About this exercise
All that belongs in the answer is the lines from the one containing "Rows of textile" to the end of the listing below, copied exactly, pictures excluded.

Records supplied
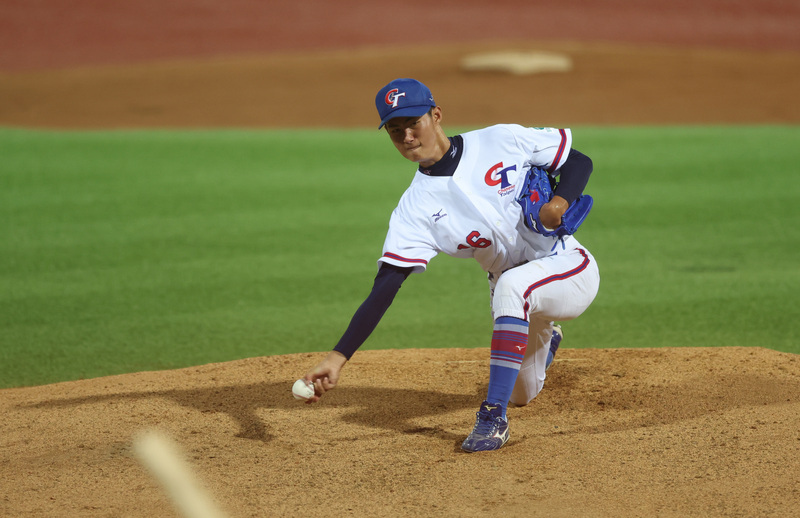 U18亞青棒陳世展對菲先發好投 台灣與日本爭冠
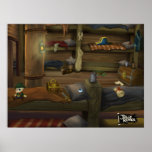 Sleeping Quarters Poster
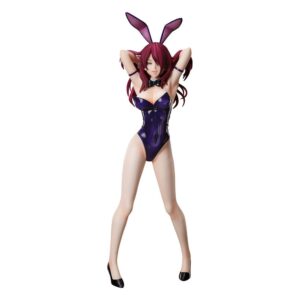 Food Wars Shokugeki No Soma Pvc Statua 1/4 Rindo Kobayashi: Bare Leg Bunny Ver. 47 Cm Freeing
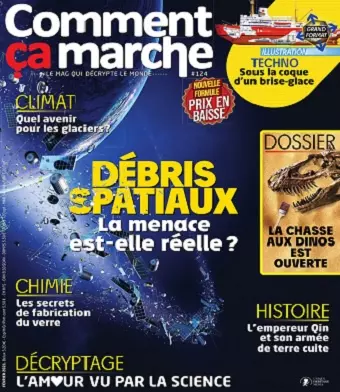 Comment Ça Marche N°124 – Février 2021  [Magazines]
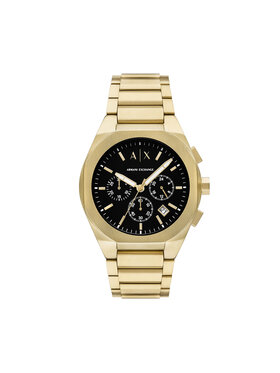 Armani Exchange Hodinky Armani Exchange Rafael AX4180 Zlatá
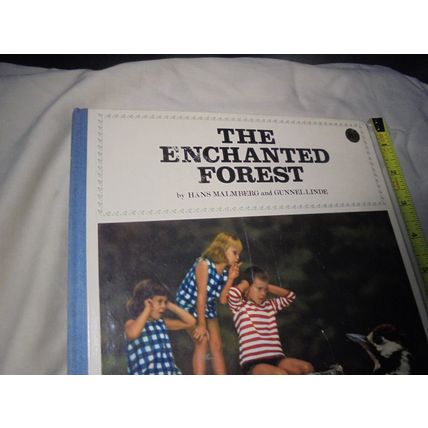 1966 British HC! The ENCHANTED FOREST! Classic Kids Book! Read!! $30.00!!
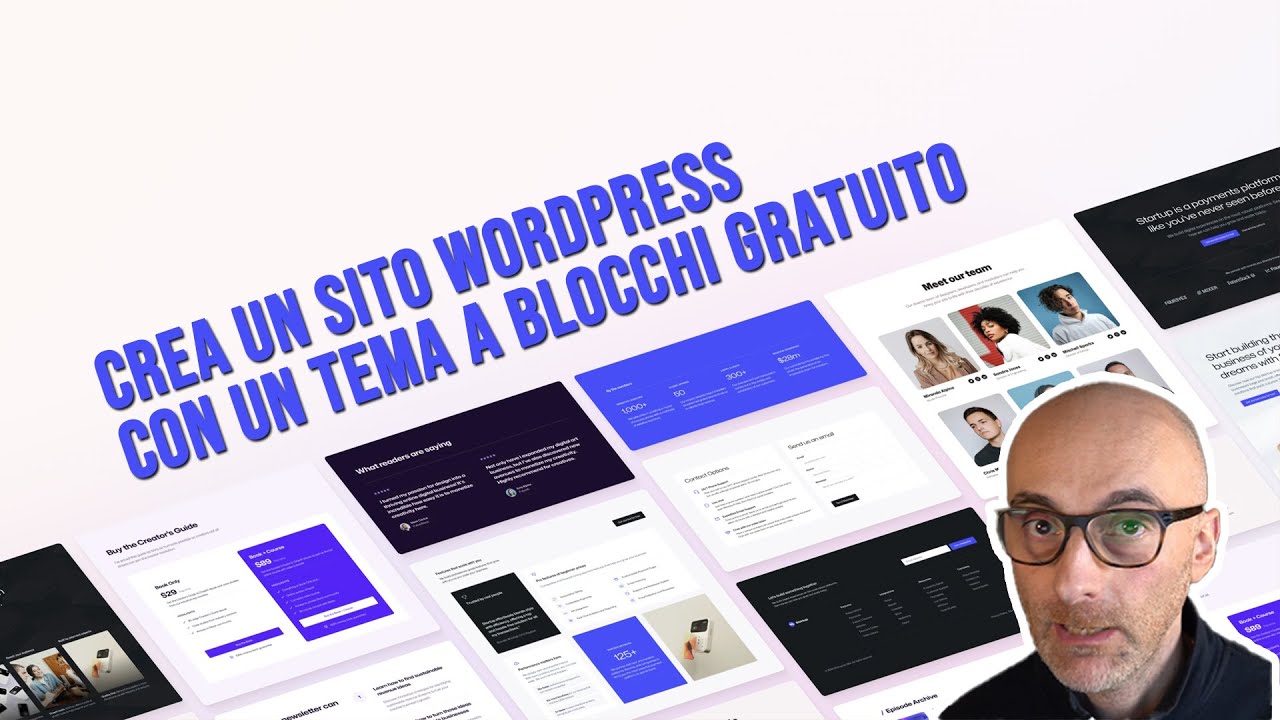 Come creare un sito WordPress con il tema gratuito Ollie: guida completa passo-passo
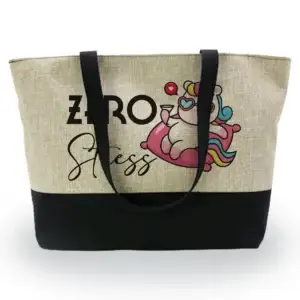 Borsa mare in juta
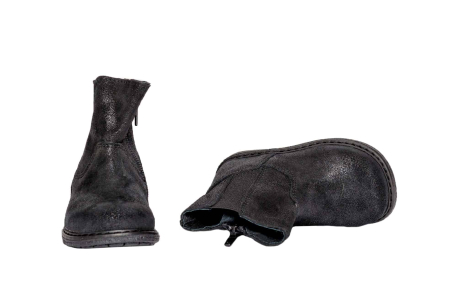Cizmulite copii piele Leyla negru Pj Shoes [3]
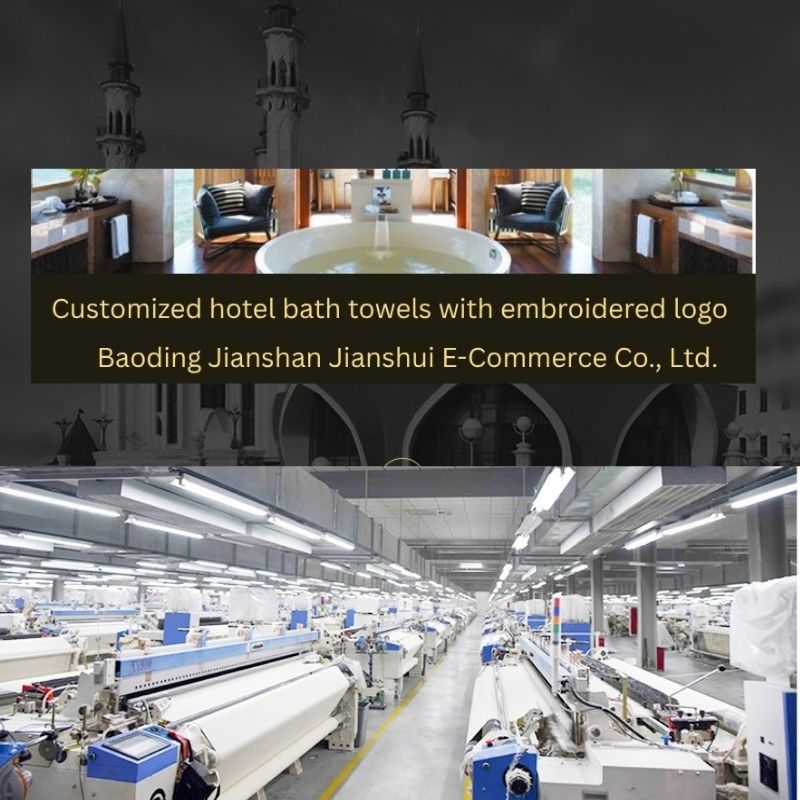 Rows of textile looms in the production workshop
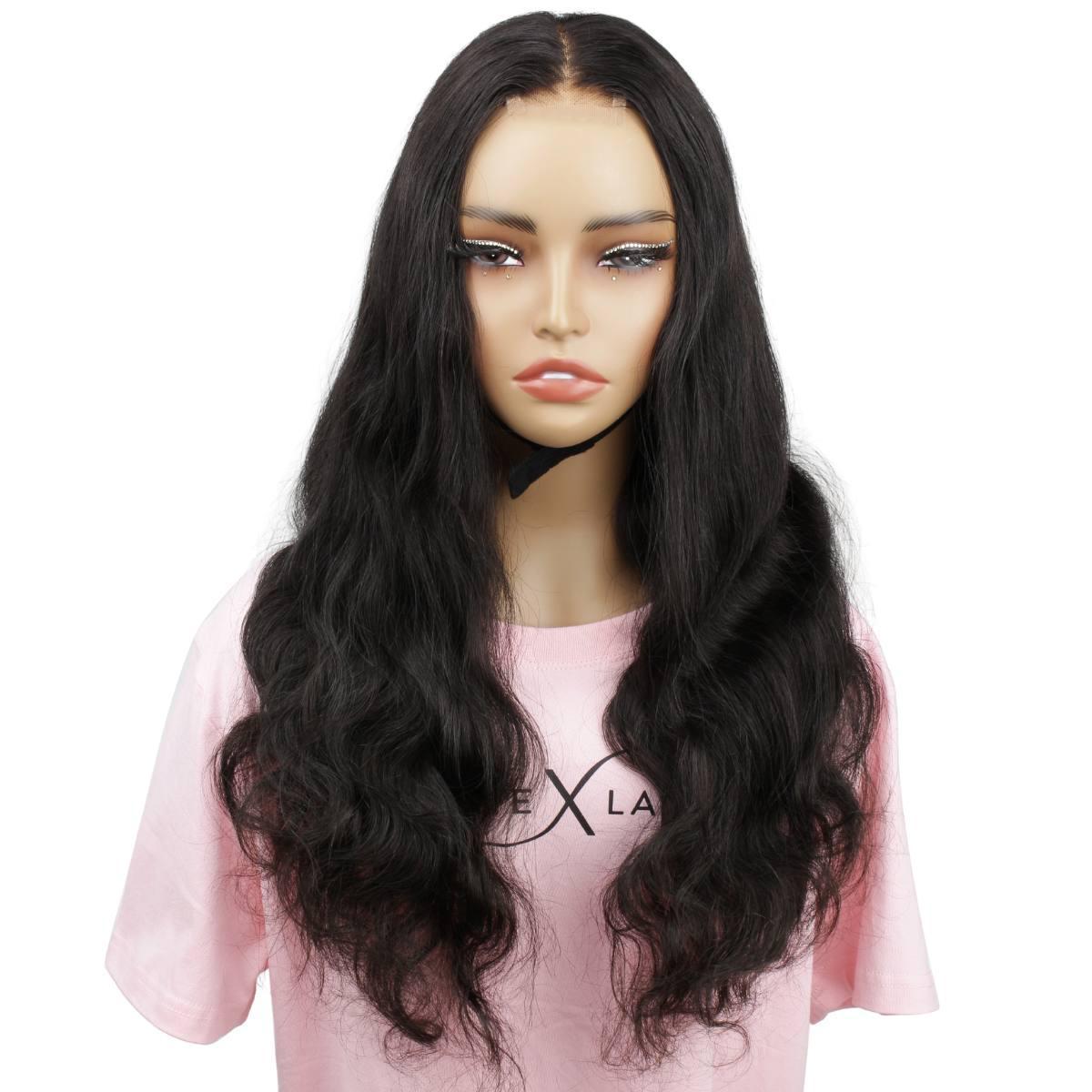 Bailey Willow 2x6 HD Lace Closure Body Wave 100% Human Hair Pop On Wig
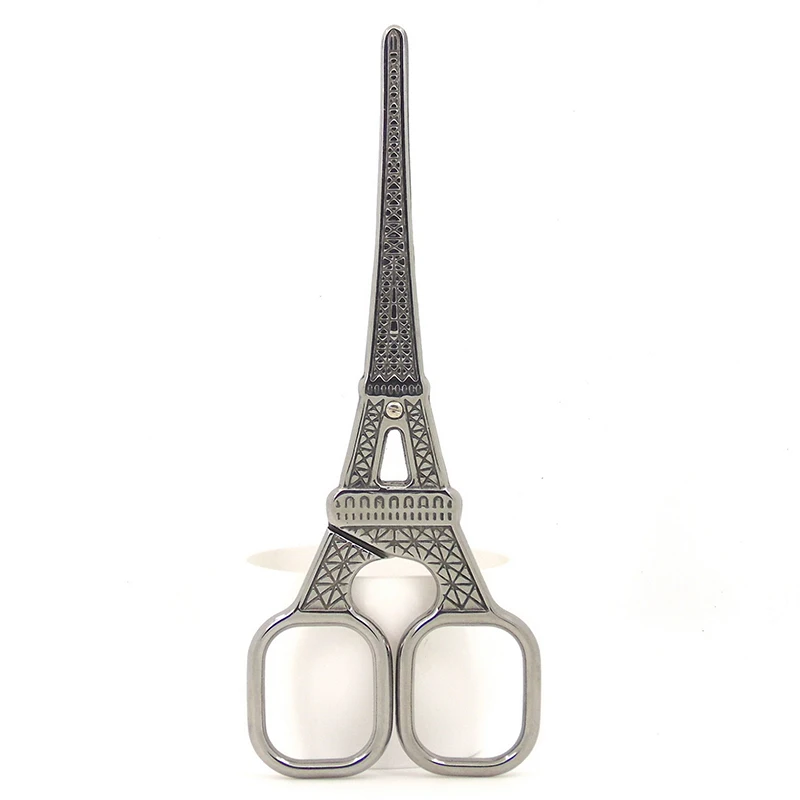 Cuticle High Quality Scissors Retro Copper European Straight Blade Craft Scissors Shears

Solution
 Rows of textile looms in the production workshop
 Bailey Willow 2x6 HD Lace Closure Body Wave 100% Human Hair Pop On Wig
 Cuticle High Quality Scissors Retro Copper European Straight Blade Craft Scissors Shears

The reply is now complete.